However. (I know you’re catching on to the fact that with me there’s often a “however,” lol.) Maybe life-as-a-school is true but doesn’t need to be turned into THE life model. After all, one of the best things about school was graduating from it, right?

Do we want to create our life as one long endless necessity of lesson after lesson? That sounds kind of hellish to me, actually. At best it seems a tedious way to go through life… trying to find the lesson in everything. It can take some of the fun out of things. Especially if the voice in our head resembles a strict schoolmaster who keeps the pressure on and won’t even let us have recess unless we get all our lessons done. How did we end up with all these relentless and constant lessons – lesson over the Christmas holidays, homework every night and even assignments for summer break too? Ye Gads (as my mother used to say.)

Here’s the problem with the life-is-a-school-for-lessons model. We have to get the lessons right or we fail. Even worse, if we fail at the lesson the bad thing, or hurtful, or scary thing will happen again and again until we get it right. So the model of life-is-a-school-for-lessons has us all too often cast as the dull student, a slow learner who gets a dunce cap and detention plus trips to the principle’s office as punishment for not getting our lessons right.

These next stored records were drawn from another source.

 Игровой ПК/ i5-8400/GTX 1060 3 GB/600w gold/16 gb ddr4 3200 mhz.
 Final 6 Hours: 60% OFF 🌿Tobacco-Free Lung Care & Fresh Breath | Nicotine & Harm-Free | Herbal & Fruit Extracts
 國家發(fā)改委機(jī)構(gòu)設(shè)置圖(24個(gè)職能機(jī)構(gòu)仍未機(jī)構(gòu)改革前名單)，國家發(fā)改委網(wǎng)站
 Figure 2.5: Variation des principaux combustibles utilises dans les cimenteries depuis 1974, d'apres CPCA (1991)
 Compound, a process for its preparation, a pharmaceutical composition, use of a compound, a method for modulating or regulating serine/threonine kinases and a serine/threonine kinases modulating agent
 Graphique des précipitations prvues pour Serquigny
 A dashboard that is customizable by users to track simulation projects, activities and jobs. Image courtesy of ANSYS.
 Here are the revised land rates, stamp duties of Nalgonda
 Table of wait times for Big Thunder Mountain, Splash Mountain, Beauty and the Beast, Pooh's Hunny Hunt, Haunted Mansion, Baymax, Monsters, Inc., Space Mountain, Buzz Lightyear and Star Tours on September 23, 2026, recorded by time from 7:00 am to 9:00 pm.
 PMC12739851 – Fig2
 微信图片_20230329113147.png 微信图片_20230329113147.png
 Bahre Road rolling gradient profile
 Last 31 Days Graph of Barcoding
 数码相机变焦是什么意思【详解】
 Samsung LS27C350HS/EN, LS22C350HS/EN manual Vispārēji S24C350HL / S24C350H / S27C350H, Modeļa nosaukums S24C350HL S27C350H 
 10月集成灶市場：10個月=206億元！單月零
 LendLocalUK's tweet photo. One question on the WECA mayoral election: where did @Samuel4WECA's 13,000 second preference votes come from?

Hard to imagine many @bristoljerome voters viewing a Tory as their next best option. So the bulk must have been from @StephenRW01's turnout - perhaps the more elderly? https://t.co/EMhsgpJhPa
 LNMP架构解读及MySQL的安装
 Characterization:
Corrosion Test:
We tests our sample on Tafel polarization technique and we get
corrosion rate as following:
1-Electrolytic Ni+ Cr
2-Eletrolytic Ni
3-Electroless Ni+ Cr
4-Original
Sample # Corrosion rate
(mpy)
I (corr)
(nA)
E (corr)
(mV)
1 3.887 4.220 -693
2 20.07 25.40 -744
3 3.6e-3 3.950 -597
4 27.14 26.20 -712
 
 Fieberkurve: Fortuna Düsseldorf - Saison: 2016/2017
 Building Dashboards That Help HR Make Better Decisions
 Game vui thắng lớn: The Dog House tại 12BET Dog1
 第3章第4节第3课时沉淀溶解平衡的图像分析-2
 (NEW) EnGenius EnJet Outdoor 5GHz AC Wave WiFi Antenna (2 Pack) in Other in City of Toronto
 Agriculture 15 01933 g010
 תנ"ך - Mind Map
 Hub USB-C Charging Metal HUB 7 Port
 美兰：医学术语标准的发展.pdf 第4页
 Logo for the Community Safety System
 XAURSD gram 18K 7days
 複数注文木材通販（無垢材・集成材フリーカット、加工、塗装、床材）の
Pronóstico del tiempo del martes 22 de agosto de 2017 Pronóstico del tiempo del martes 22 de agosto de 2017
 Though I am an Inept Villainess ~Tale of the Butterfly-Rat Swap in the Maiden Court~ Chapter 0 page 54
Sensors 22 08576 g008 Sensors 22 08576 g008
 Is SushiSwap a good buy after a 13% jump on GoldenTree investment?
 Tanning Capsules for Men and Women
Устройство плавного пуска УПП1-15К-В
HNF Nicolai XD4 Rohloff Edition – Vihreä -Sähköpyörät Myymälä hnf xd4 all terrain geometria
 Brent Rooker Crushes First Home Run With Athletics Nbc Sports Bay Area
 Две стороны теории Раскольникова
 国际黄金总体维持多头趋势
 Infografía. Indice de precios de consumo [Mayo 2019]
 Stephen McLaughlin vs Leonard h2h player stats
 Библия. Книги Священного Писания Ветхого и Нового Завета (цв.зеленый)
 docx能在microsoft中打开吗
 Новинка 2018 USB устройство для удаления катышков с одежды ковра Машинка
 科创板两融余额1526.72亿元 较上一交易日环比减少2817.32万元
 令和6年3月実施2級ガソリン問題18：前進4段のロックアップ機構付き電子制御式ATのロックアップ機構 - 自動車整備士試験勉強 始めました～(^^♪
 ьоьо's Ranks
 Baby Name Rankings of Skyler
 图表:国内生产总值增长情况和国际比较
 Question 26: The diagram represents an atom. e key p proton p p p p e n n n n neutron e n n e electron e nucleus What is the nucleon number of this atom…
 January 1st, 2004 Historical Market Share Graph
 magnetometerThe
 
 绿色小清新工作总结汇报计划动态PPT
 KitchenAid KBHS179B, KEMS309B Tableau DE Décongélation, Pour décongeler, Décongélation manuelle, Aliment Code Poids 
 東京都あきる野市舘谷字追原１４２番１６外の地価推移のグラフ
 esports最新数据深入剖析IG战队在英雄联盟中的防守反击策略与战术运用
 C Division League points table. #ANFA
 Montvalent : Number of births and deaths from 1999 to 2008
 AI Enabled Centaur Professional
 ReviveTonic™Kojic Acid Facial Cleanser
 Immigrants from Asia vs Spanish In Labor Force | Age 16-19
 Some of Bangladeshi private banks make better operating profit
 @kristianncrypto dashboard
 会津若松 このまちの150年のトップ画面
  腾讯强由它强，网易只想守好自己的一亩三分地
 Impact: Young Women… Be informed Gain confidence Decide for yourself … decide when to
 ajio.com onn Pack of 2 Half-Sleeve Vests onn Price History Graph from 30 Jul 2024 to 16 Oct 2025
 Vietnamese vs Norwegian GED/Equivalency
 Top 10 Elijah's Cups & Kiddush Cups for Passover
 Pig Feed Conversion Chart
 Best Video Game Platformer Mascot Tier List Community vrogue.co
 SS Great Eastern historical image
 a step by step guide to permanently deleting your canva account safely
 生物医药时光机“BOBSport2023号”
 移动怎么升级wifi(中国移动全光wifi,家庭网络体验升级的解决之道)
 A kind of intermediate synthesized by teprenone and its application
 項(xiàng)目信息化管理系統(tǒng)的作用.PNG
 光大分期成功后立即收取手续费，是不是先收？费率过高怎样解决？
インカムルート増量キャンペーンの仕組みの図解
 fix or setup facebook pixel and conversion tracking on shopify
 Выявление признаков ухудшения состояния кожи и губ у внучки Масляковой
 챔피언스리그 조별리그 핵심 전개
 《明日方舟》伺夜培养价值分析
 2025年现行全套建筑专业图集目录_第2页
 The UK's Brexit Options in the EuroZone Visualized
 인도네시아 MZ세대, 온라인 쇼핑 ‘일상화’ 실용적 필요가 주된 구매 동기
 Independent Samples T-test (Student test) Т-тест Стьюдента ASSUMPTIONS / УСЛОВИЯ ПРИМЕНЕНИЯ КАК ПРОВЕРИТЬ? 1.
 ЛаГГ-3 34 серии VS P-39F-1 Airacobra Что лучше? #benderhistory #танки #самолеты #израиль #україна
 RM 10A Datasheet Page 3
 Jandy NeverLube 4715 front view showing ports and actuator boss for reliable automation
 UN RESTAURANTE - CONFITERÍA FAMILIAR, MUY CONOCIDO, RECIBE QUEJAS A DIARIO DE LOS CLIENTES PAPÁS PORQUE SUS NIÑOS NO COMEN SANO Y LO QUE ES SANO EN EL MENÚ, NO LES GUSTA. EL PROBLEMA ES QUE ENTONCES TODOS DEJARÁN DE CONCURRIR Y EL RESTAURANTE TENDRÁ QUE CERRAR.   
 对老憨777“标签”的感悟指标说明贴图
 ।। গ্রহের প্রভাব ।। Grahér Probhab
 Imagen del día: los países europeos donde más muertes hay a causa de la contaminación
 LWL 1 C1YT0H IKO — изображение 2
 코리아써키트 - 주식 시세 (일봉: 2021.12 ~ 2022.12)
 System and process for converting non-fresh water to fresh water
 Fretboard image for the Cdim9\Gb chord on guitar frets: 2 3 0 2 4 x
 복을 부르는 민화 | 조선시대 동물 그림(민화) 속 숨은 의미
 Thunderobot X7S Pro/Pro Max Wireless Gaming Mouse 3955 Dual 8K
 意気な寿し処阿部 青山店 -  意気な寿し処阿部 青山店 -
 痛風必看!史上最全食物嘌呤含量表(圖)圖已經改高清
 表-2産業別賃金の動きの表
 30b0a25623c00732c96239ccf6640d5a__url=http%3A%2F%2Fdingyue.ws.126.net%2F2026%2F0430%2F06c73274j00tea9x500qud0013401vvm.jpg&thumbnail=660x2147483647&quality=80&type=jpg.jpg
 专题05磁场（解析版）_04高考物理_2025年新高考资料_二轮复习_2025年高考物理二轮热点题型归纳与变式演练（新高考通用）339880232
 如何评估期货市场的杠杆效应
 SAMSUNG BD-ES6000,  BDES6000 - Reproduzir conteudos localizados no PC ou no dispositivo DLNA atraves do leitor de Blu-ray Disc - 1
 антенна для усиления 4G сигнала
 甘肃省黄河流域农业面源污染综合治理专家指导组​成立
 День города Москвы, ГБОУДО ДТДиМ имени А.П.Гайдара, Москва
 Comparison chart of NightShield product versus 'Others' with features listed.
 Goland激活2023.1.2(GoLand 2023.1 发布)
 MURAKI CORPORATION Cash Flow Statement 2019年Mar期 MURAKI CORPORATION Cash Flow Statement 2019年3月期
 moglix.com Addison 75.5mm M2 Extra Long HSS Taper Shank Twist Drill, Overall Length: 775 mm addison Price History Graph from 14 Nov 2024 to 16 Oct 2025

Are we passing or failing our lessons? A great deal of tension can develop around that question, and then comes self-blame for not getting it the first time. If we can just get the lesson right, we won’t have to repeat it and the bad thing won’t ever happen again. Oh, really? Hmm. Very interesting.

In fact, maybe a lot of that striving to get it right is just us trying to make the pain and fear stop. If we get it right, it will stop. That makes it a control issue. “I have to learn the lesson to keep from repeating it so I can control the fear, pain and suffering.“ Control issue. In that, of course, is the bargaining: “I’ll be a really, really good kid and do all my lessons right so that no more scary things happen, ever – all I have to do to control the bad things is get the lessons right.”

We already know control and bargaining don’t work but the ideas have such allure we often don’t notice where we have things wired to control. It seems to me our need to control life has gotten grafted onto the model of life-is-a-school.

I think it might be healthy to perpetually say,

“Enough with the friggin’ lessons!”

Enough of the constant learning and the trying to always get it right. It doesn’t mean we won’t ever learn anything again for gosh sakes. It just means we can graduate from all the searching, and blaming, and tension about our lessons. We can bid a relieved farewell to the schoolmaster in our head. Learning can happen more organically because the truth is, we’re built to grow and gain wisdom. It’s hard-wired. In fact, we do it better without all the striving attached.

Rather than the life-is-a-school model, can I perhaps suggest an alternative model? How about life-is-an-experience! In that model, learning happens naturally anyway. Rather than frantically needing to learn the lessons ASAP and get them right, we are freed to actually experience them. There’s an interesting difference between having an experience and having a lesson. There’s an interesting difference between gaining experience and getting a lesson. I like the difference. It feels more open, more organic, kinder, full of choice and opportunity. It feels more real. As my friend Maggie says, “Ya think?”

Much to ponder here as we move through our current experiences. Thanks for being here with me as I move through mine.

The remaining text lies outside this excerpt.